Addicts and Servants (p. 193)

From chapter "The End"

Death isn’t an incidental by-product of the machine. The obsession with security ends in wealth-making as ecocide and war as genocide. The obsession with security becomes a death wish not because of the outward appearance or the inner character of the perpetrators; it’s an obsession rooted in underlying, often unconscious motivations. Sometimes it manifests as bloodthirsty, sometimes as larcenous. Sometimes as an overzealous concern for the well-being and right living of others. Sometimes as patriotic pride or dedicated work ethic. Sometimes as pathological lying, as mindless vandalism, or as a good citizen’s respect for the rule of law. But if the underlying motivation is security and rules over freedom, then the end result, the collective result, is to choose comfort over tolerance, rules over responsibility, known over uncertain, wealth over wilderness, control over relationship, and ultimately, death over life. Life isn’t a simplistic set of opposites with one obvious right answer to every question, but the obsession with security tries to make it so.

 

The smoke and mirrors of high technology appear to be, Wizard-of-Oz-like, our masters. But the fearsome wizard behind the curtain turns out to be everyman and everywoman, fussing with levers, no longer in control or quite sure what the purpose of it all is. We’ve become caretakers of the machine, janitors in the machine’s warehouse, sweeping and tidying up and oiling the levers and attaching the new gizmos that are supposed to control this or that section of the machine. (How come those gizmos are called governors?) We aren’t sure anymore what it’s all for, but someone somewhere must be keeping track, we tell ourselves, and those engineers sure are clever. And we really can’t imagine how the machine could be replaced with anything else. It’s big and it’s more complicated than anyone can imagine, and it’s all humming on into the future….

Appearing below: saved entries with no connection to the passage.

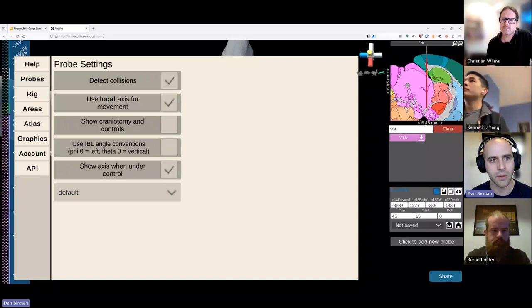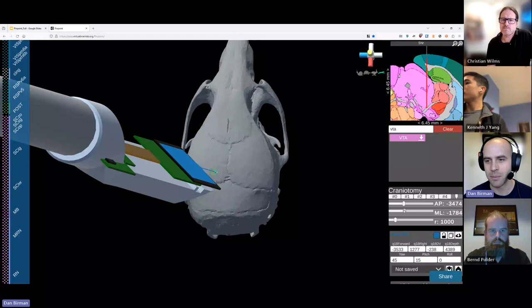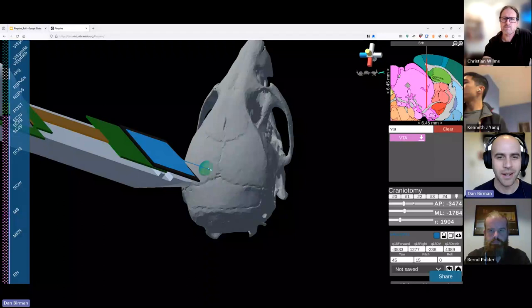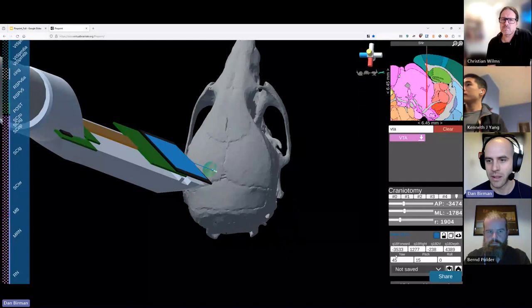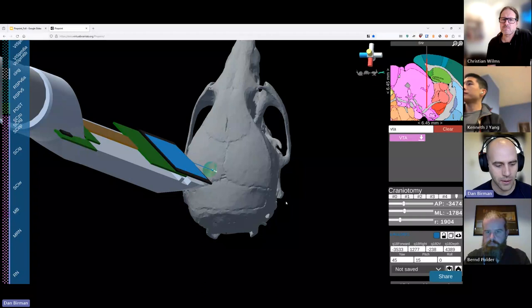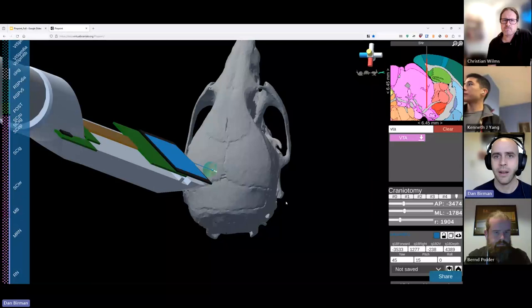We can also use the Mouse Skull to plan craniotomies. Under the settings menu, under Probes, there's a craniotomy feature. You can click one of these craniotomies and drag it along the AP and ML axes to position it and change its size. So here we have a craniotomy at some position relative to Bregma, and then we have our actual insertion with coordinates shown. We have videos and text tutorials on our website, virtualbrainlab.org, and there's also a link to our eLife paper with more tutorials.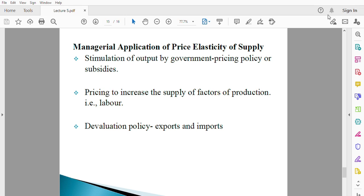Taxes — if government imposes high taxes, it increases the price of commodities and discourages production, though it does give government revenue. If government gives subsidies, it boosts the morale of suppliers to supply more. So if government wants to stimulate output, it needs to know the elasticity of supply of the commodity.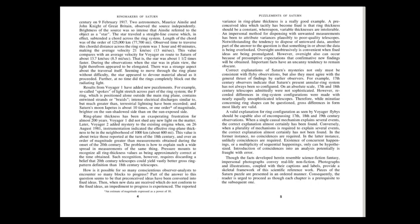During the observations when the star was in plain view, the light therefrom appeared to be elongated. There was a strange aspect about the traversal itself, seeming to move through the ring plane without difficulty. The star appeared to devour material ahead as it proceeded. Further, at no time did the rings completely block out the radiating light.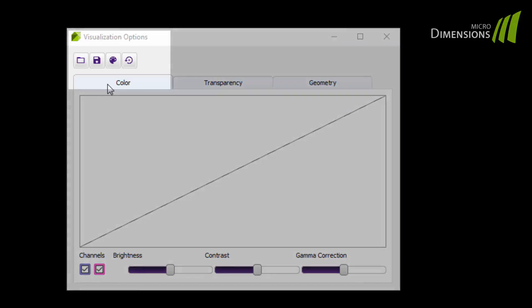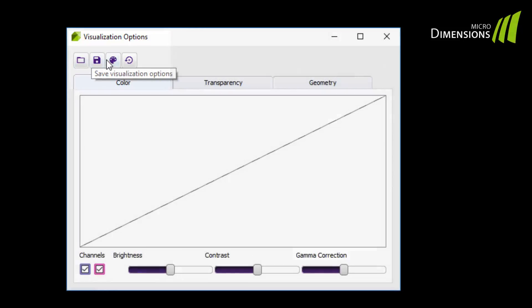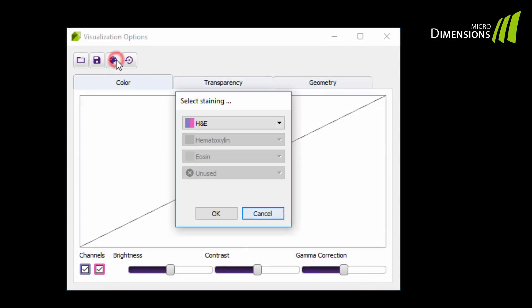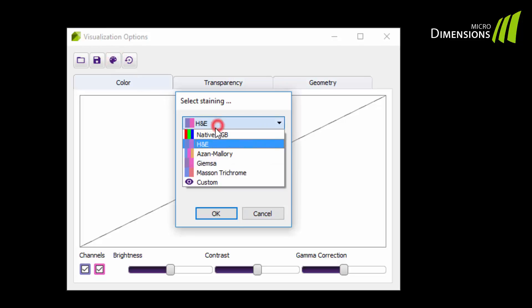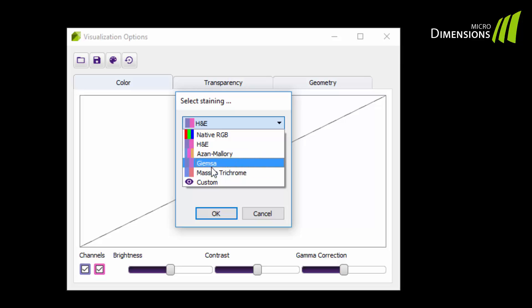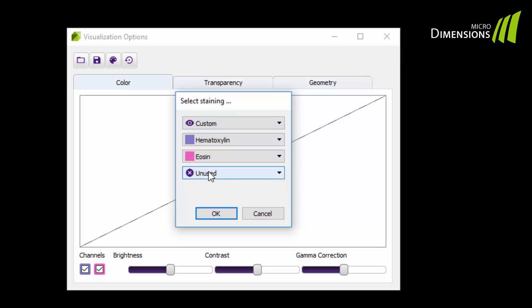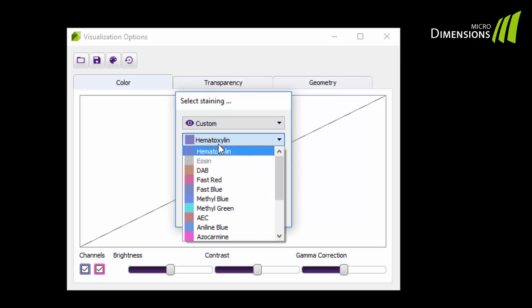With the buttons at the top of the editor you can load and save visualization options that you have previously defined. You can also set predefined color and transparency options like native RGB and several commonly used stains such as hematoxylin and eosin. Many more dyes can be combined individually in the custom mode.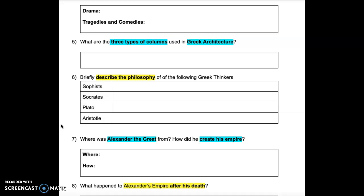Question 6: Briefly describe the philosophy of the following Greek thinkers: Socrates, Plato, and Aristotle.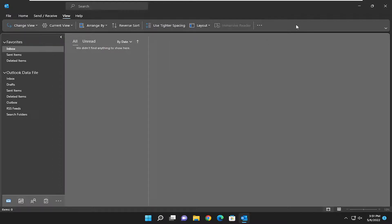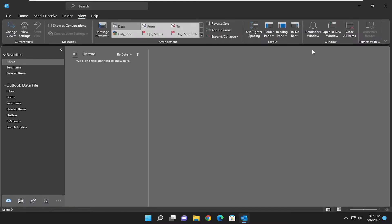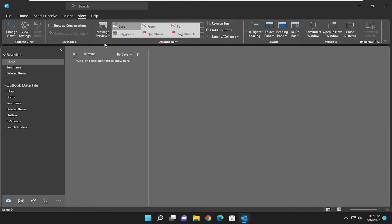So all you have to do is right-click on the ribbon bar, and where it says use classic ribbon, go ahead and select that, and that's all you have to do.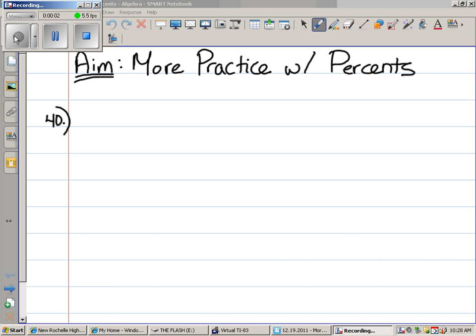More practice with percents. Percents are the single most important thing that you will learn this year, ever, of all time. I think it's the single most important thing you'll learn in all of high school, really, that's most applicable to real life.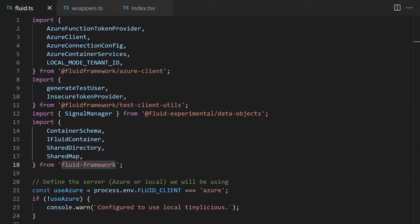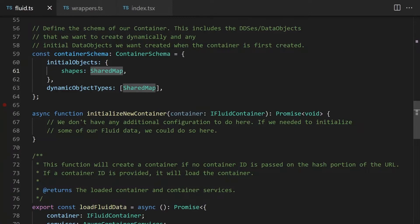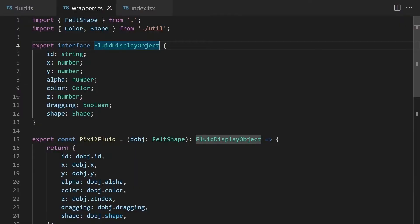To get started with Fluid, we first imported the Fluid Framework libraries. We then needed to decide which Fluid distributed data structure to use to hold our data. We used a shared map, which is a data structure for key-value paired data. We looked at the Pixie.js display object class, which contains properties that control shape, position, color, etc., but also properties we don't want to synchronize. Since data needs to be in a safely JSON-serializable form, and classes aren't JSON serializable, we created a plain JavaScript object called FluidDisplayObject containing only the properties we want to synchronize. Since it's a plain object, it's safe to serialize.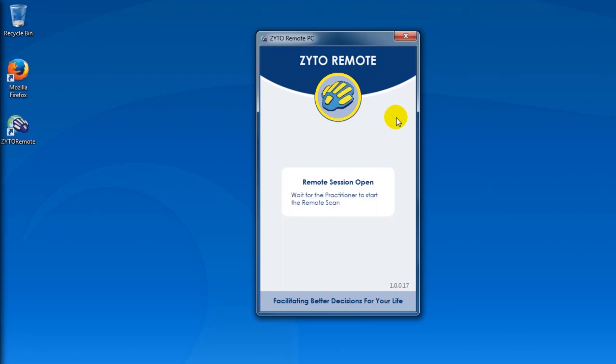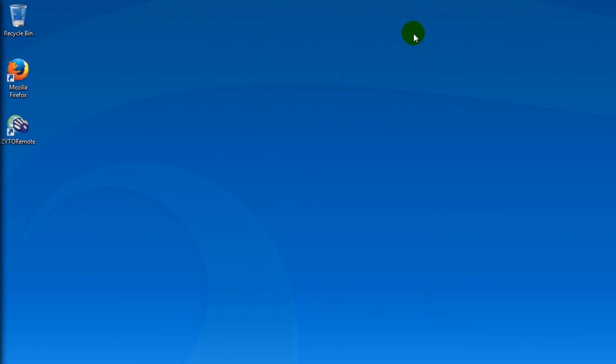Make sure that all six contacts are lit up yellow on the icon to ensure that you're connected to your practitioner at all times. At this point, your practitioner will begin a session as they normally would with you. Once the session is over, you can exit out of the app and that will end the connection.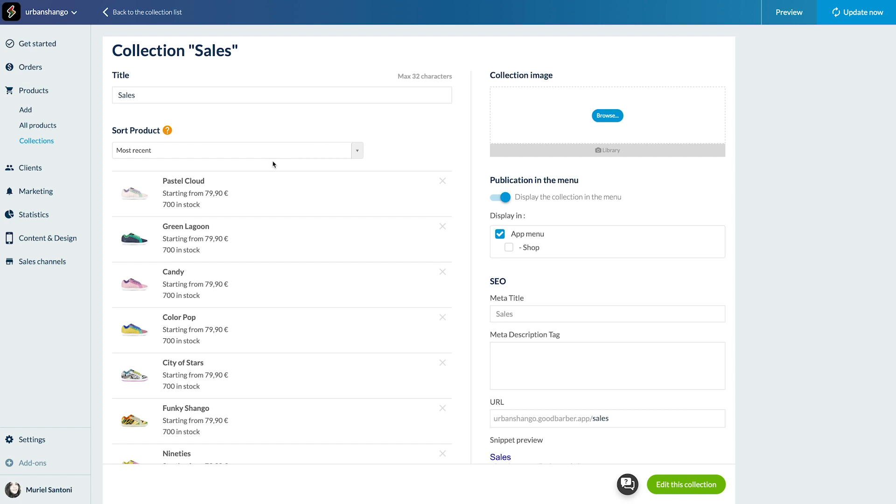Our sales collection is now complete. Last thing: how to remove a product from a collection. Very easy.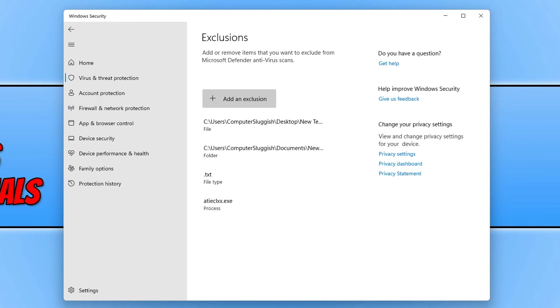So that does now bring me to the end of the video. If you do want to then remove any exclusions, just simply select the exclusion and then go remove.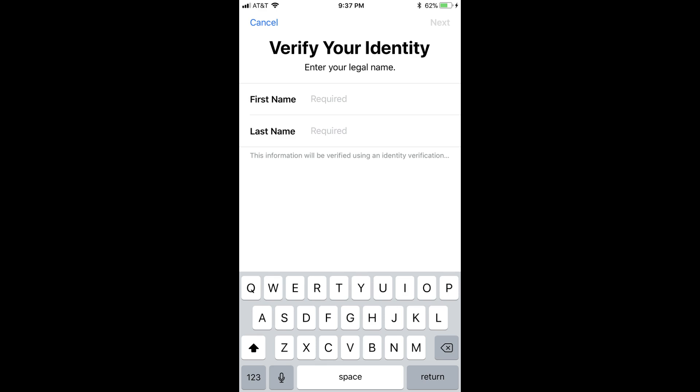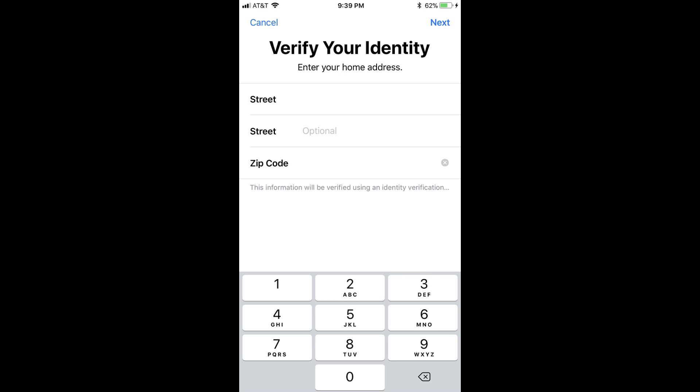Enter your first and last name in the required fields, and then tap the blue Next button in the upper right corner of the screen. Step 6: Another screen appears asking you to enter your home address. Enter the street and zip code associated with your address, and then tap the blue Next button in the upper right corner of the screen.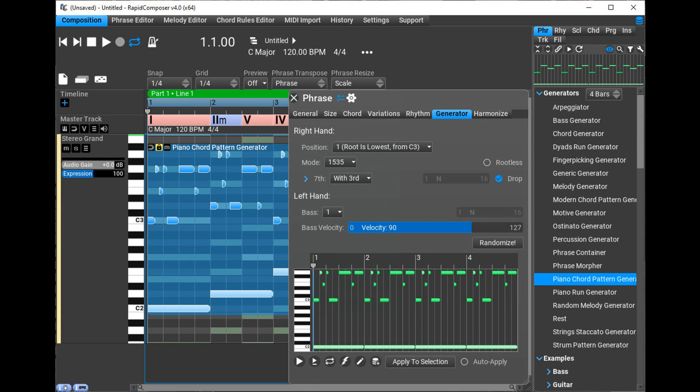Music Developments has updated Rapid Composer to version 4.4. This major update features the new MIDI Mutator, a new rhythm generator for modern genres, phrase auto-regeneration, and other improvements. The update is free for all owners.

Gee-whiz science is transforming our world. Isn’t it amazing, this technology that can be used for good and ill? One of the world’s “most advanced humanoid robots” is feted for “walking, turning and even dancing with children.”But it’s not just for kids! When the Japanese prime minister paid an official visit to the Czech prime minister in the summer of 2003, he brought along a four-foot-tall robot that could tell jokes and make a toast. The robot offered to dance, but the Czech prime minister is not into dancing, and declined.Dancing isn’t the only thing robots are good for! The Pentagon’s DARPA is offering a million bucks to see if someone can create a machine capable of going from Los Angeles to Las Vegas without human intervention.The purpose of DARPA’s “autonomous ground vehicle” race in March 2004 was to “leverage American ingenuity to accelerate the development of autonomous vehicle technologies that can be applied to military requirements.”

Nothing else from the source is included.